John Kerry, the outgoing secretary of state, said it was working and that all the signatories — the United States, Iran, Russia, China, Britain, France, and Germany — have honoured their commitments.
According to the International Atomic Energy Agency, Iran has dismantled much of its nuclear program, thereby fulfilling its end of the bargain.
Iran’s president, Hassan Rouhani, certainly has no intention of returning to the negotiating table. At a news conference in Tehran two weeks ago, he declared, “The nuclear deal is finished. It has become an international document. It is a multilateral accord and there is no sense in renegotiating it.”
Although Iranian hardliners would disagree with him, Rouhani is of the view that it has been beneficial to Iran. “We can now export as much oil as possible,” he said. “International transportation and shipping are much less inexpensive.” And in a reference to Western countries that have dropped their sanctions against Iran, Rouhani added, “Many trade and foreign investment contracts and agreements have been signed.”
Iranian Foreign Minister Mohammed Javad Zarif, Iran’s chief negotiator at the nuclear talks, does not believe it’s in jeopardy.
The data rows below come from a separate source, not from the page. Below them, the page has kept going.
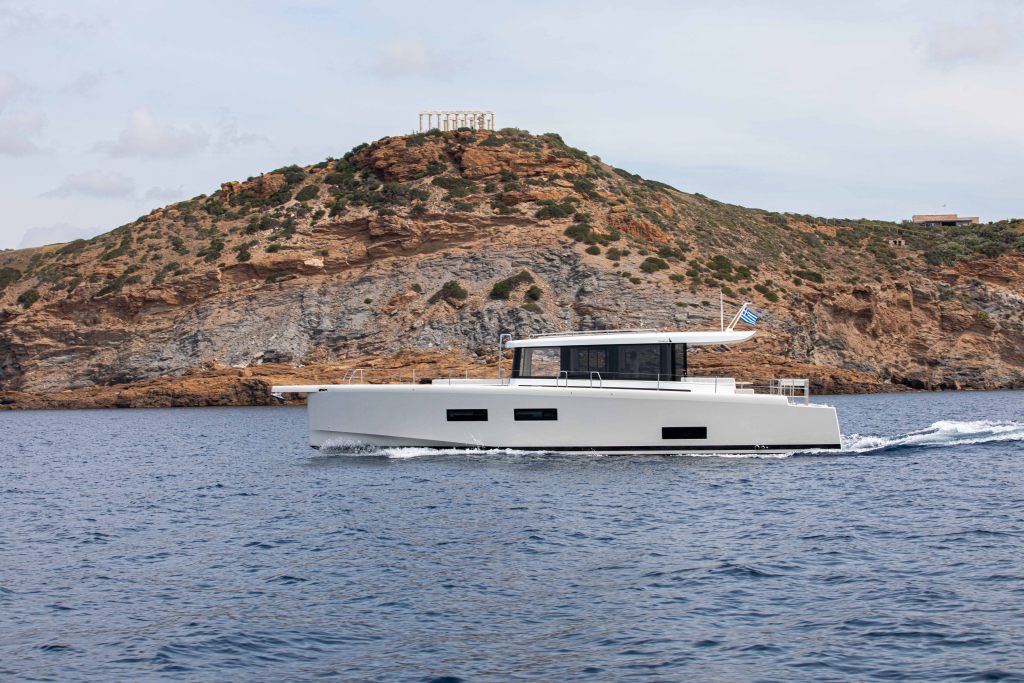 Omikron Yachts: Marks Milestones for the OT-60, OT-80 and Argo 54 Projects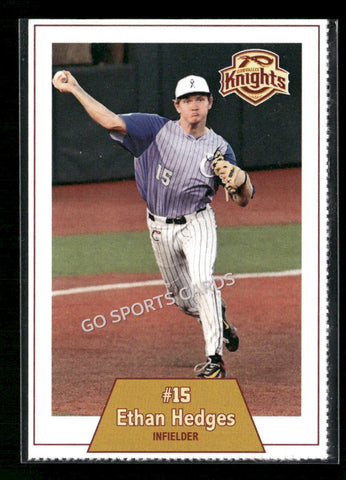 2024 Corvallis Knights Ethan Hedges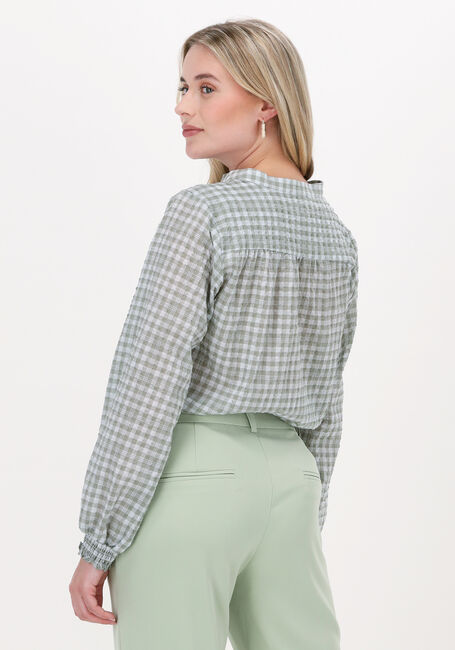 Witte MY ESSENTIAL WARDROBE  SALLY SHIRT - large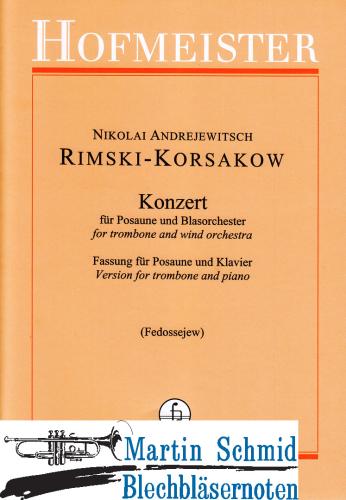 Artikelbild des Artikels “Konzert (hofmeister) “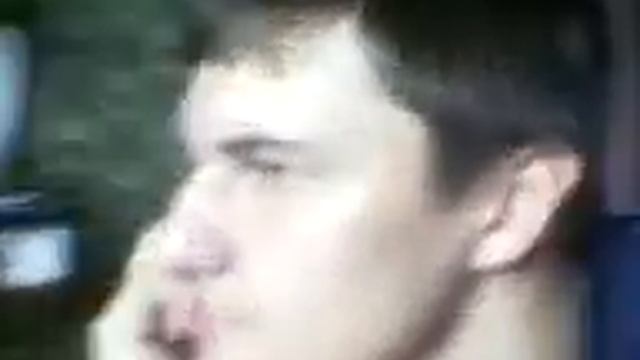 Ехидная харя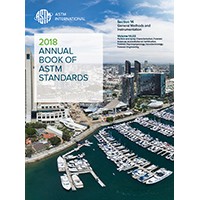 ASTM Section 1:2018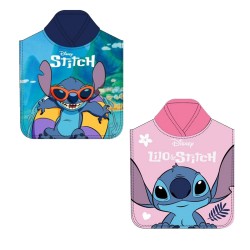 Poncho de Bain Lilo & Stitch Disney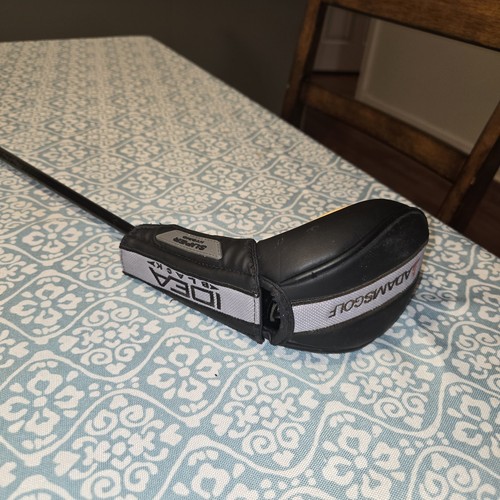 Adams idea black super hybrid - idea,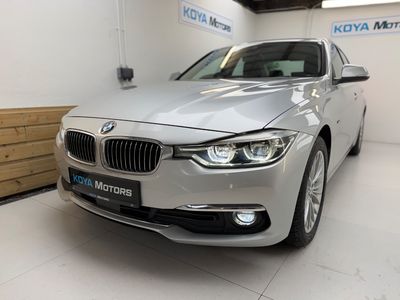 2017 BMW 3 Series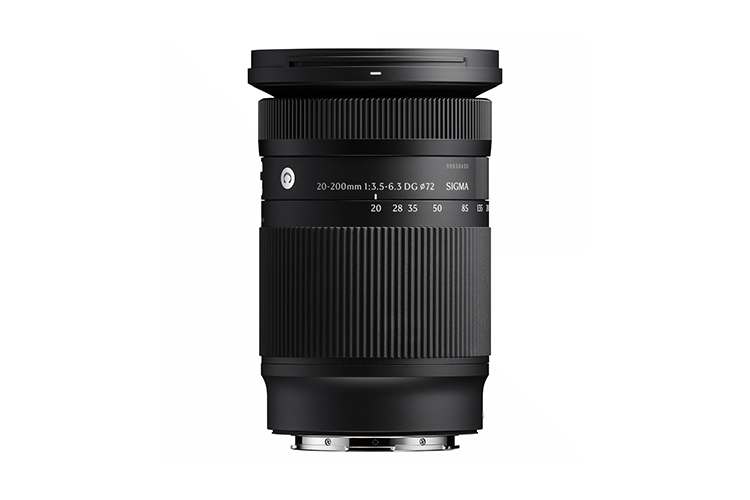 Sigma 20-200mm f/3.5-6.3 DG Contemporary for Sony E
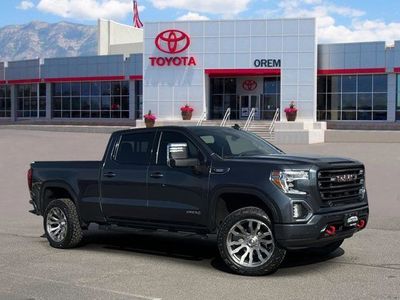 2020 GMC 1500 AT4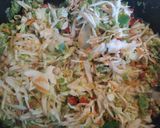 Φωτογραφία βήματος 6 της συνταγής Noodles με Λαχανικά και Κοτόπουλο (η εύκολη συνταγή)
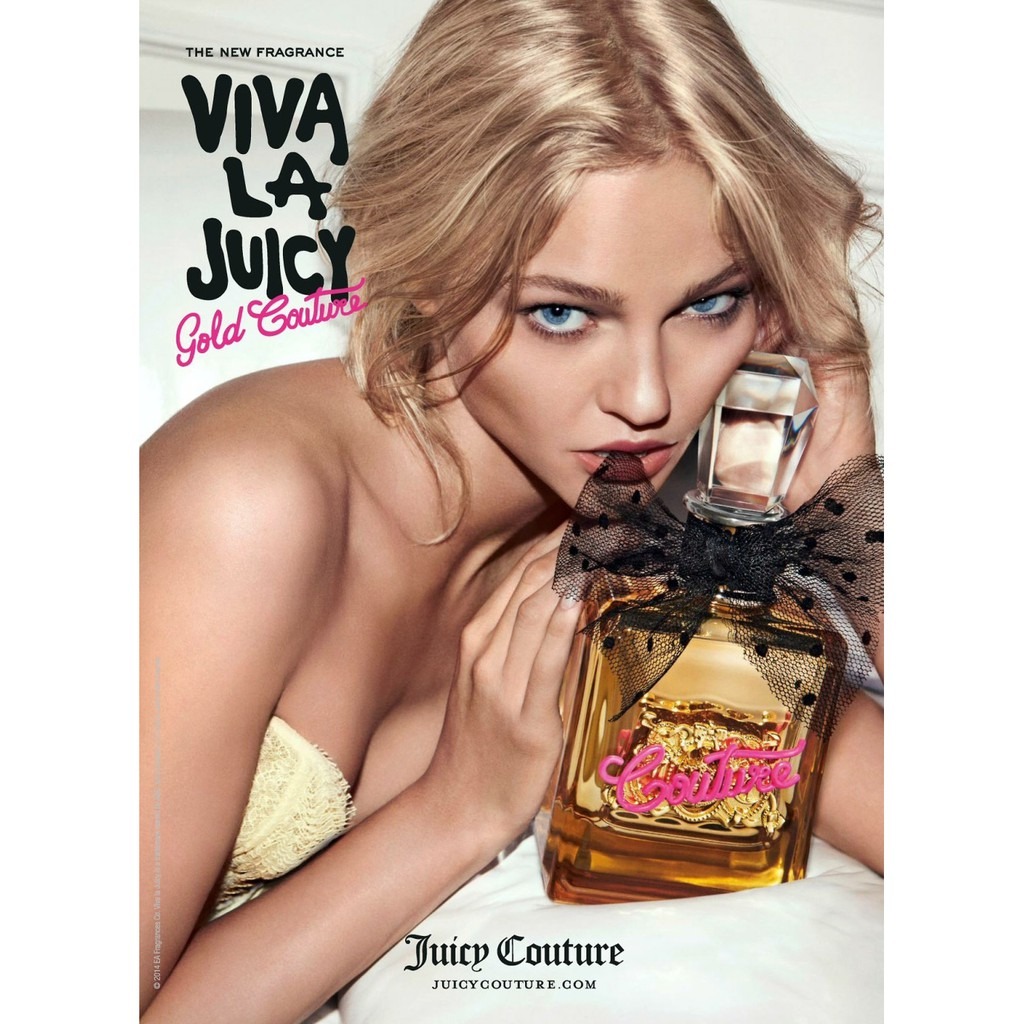 Nước hoa Juicy Couture Viva La Juicy Gold Couture EDP Nước hoa Juicy Couture Viva La Juicy Gold Couture EDP - Yêu Hàng Ngoại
But if the situation changes for there worse, he added, “we have options for every alternative.”
Should Iran come under military attack, Iranian Defence Minister Hossein Dehghan warned last month, the Iranian armed forces would respond aggressively, resulting in the destruction of “the Zionist regime” and the Arab Gulf states.
Dehghan may have been reacting to a comment made by Netanyahu in early December. Addressing the annual Saban Forum in Washington, D.C. via a satellite feed, Netanyahu said Israel is fully committed to preventing Iran from acquiring a nuclear arsenal and would seriously consider using military force in pursuit of this objective.
Netanyahu is concerned that the nuclear agreement, which is due to lapse in 10 to 15 years, will pave the way for Tehran’s eventual acquisition of atomic weapons. Israel seeks the removal of Iran’s nuclear program, but Netanyahu may settle for a full enforcement of the agreement, a course of action advocated by Joseph Lieberman, a former U.S. senator, close friend of Israel and currently chairman of United Against Nuclear Iran.
In an op-ed piece in The Washington Post recently, Lieberman and his co-author, Mark Wallace, a former U.S. ambassador to the United Nations, wrote that the Trump administration should first try to enforce it and then renegotiate it “beyond the confines of the nuclear issue.”
They claim that Iran has twice exceeded its allotted limit for heavy water and test-fired multiple ballistic missiles. Lieberman and Wallace also contend that Iran must “verifiably curb its regional aggression, state sponsorship of terrorism and domestic repression of human rights.” In return for acceding to these demands, they note, Iran could be given “broad-based sanctions relief and even normalization of relations” with the United States and other Western nations.
If the Iranian government does not comply, they argue, Trump should impose a new round of comprehensive secondary sanctions against Iran and, if necessary, repudiate the nuclear agreement altogether. “Such a step-by-step strategy would make clear that the United States is willing to work with Iran but that there will be consequences for the Iranians if no diplomatic solution is reached,” Lieberman and Wallace wrote.
Trump has yet to decide which path he will embark upon with respect to the agreement. But on January 29, in a telephone conversation with King Salman of Saudi Arabia, he said he would “vigorously enforce” it.
Which means, of course, that he has come to terms with the agreement and will not try to scrap it.